**The data:**

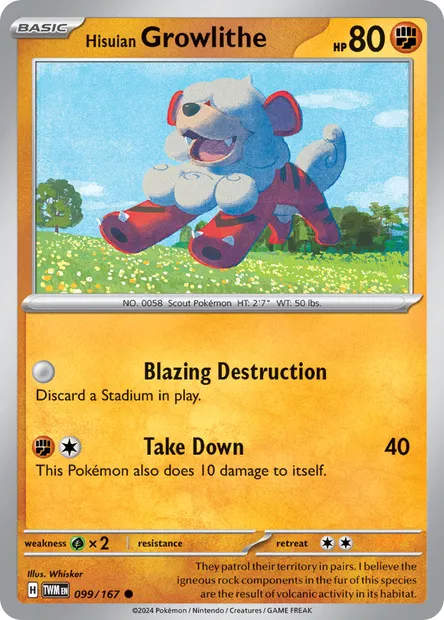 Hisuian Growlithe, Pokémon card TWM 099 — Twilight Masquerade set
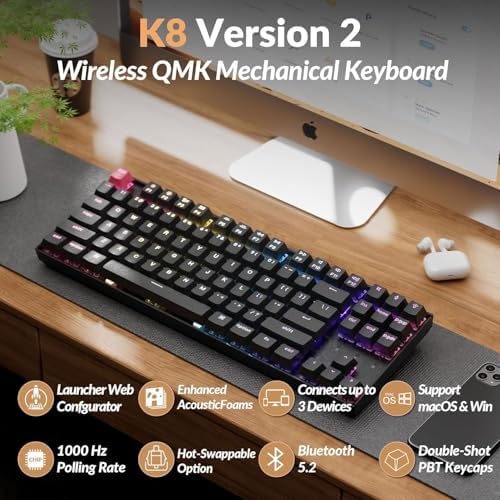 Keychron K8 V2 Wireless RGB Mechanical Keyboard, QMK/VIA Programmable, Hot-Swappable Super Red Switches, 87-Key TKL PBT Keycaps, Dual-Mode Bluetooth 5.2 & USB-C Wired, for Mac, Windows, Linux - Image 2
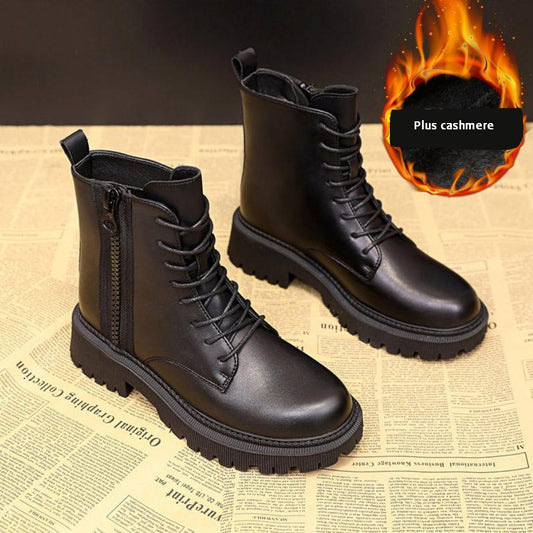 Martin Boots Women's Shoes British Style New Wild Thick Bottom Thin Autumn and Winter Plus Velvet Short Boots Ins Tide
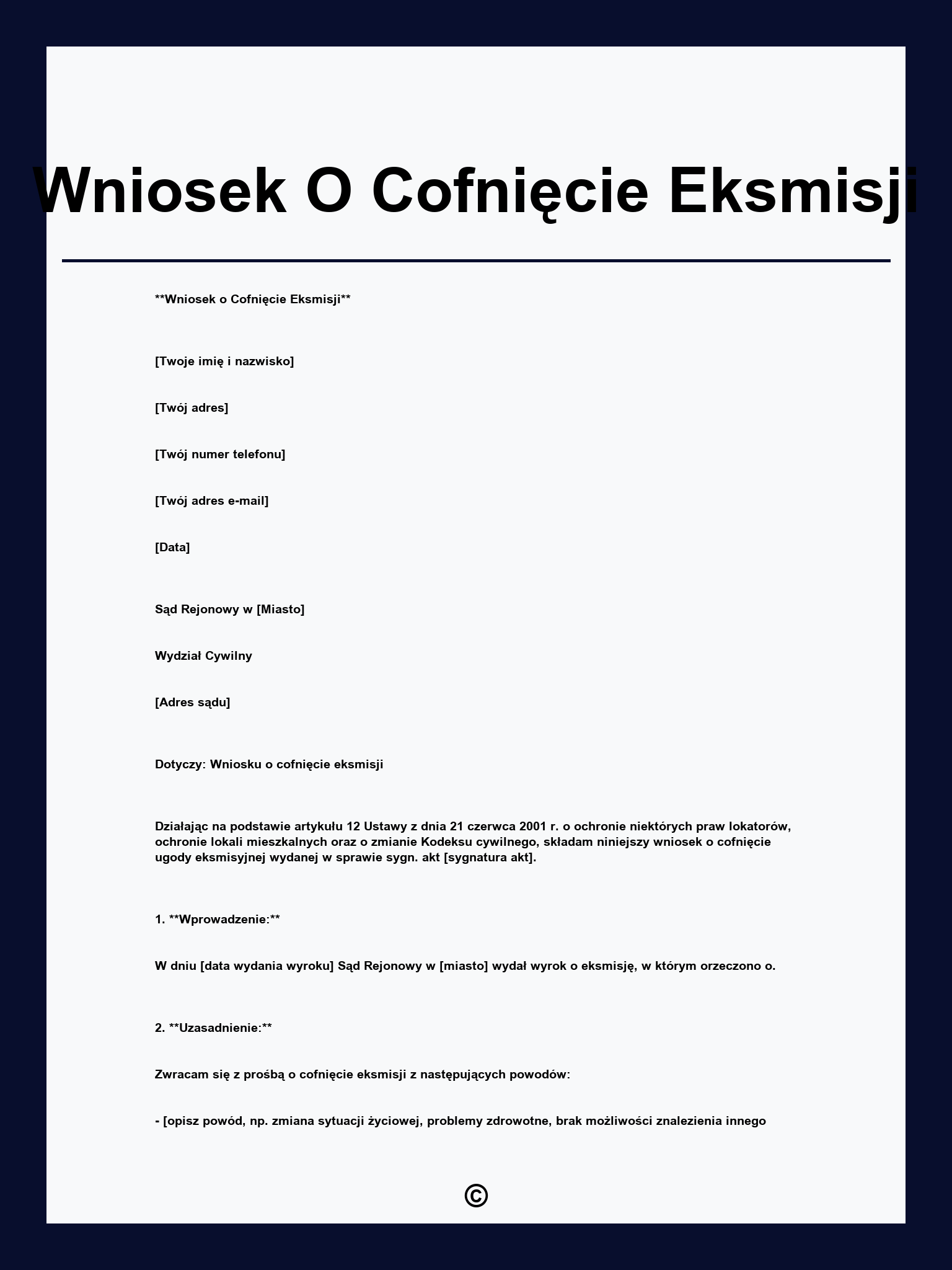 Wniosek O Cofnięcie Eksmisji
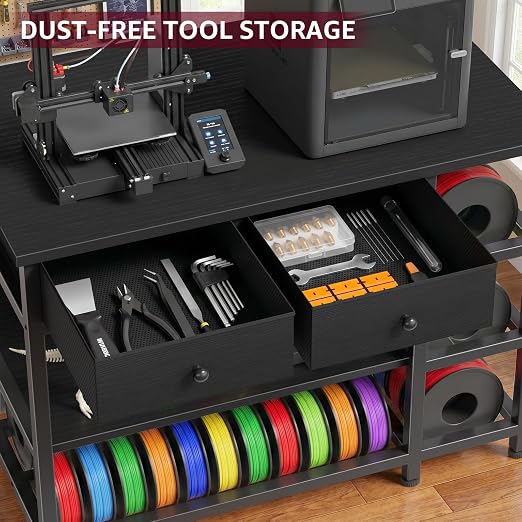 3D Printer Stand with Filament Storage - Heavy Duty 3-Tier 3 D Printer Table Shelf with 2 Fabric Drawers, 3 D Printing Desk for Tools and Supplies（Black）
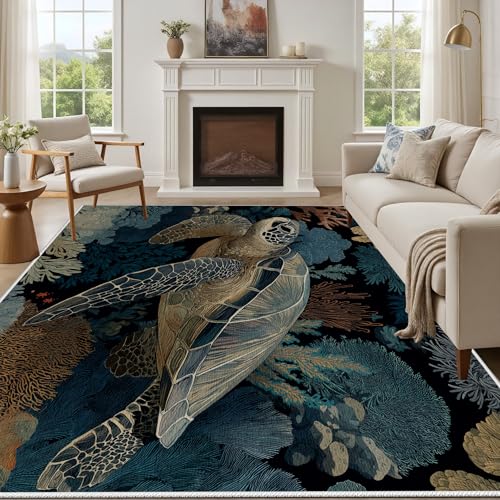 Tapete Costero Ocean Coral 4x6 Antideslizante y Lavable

...

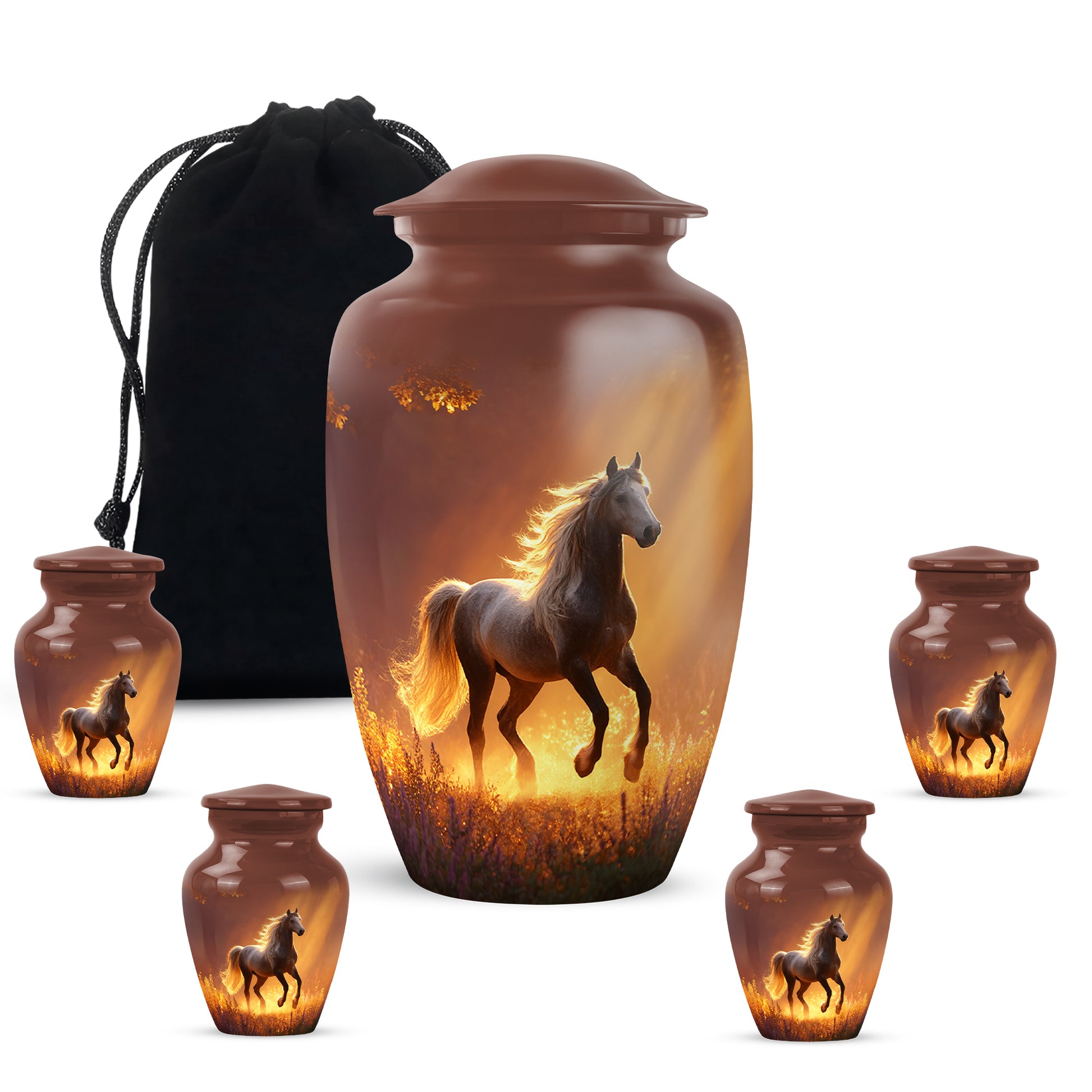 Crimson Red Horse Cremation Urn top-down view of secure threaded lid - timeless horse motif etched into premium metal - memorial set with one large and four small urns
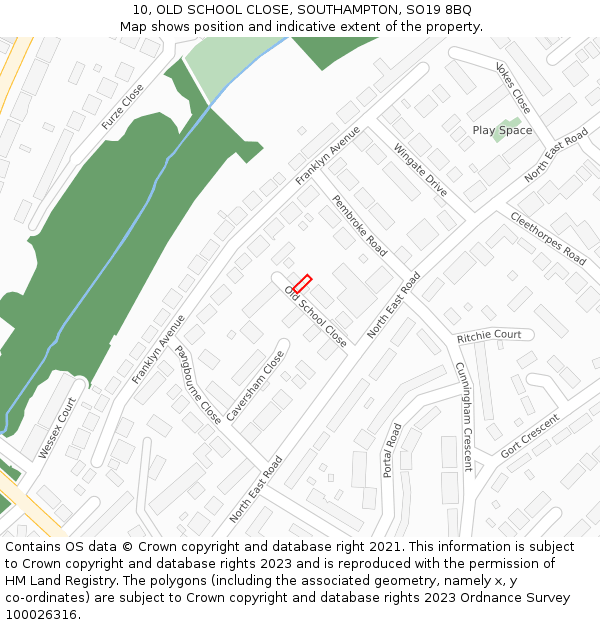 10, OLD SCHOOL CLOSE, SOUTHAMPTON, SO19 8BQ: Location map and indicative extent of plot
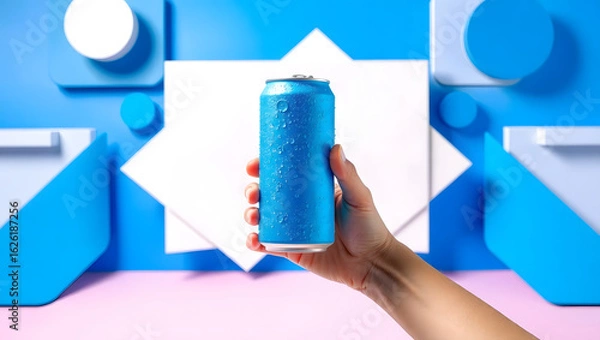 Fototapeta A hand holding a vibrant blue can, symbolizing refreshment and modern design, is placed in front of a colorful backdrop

**Instructions to follow:**
Transcribe only this stretch of the data: the line with "Hisuian Growlithe, Pokémon", the line with "Keychron K8 V2", and every line in between. Leave out the pictures.

**Response:**
 Hisuian Growlithe, Pokémon card TWM 099 — Twilight Masquerade set
 Keychron K8 V2 Wireless RGB Mechanical Keyboard, QMK/VIA Programmable, Hot-Swappable Super Red Switches, 87-Key TKL PBT Keycaps, Dual-Mode Bluetooth 5.2 & USB-C Wired, for Mac, Windows, Linux - Image 2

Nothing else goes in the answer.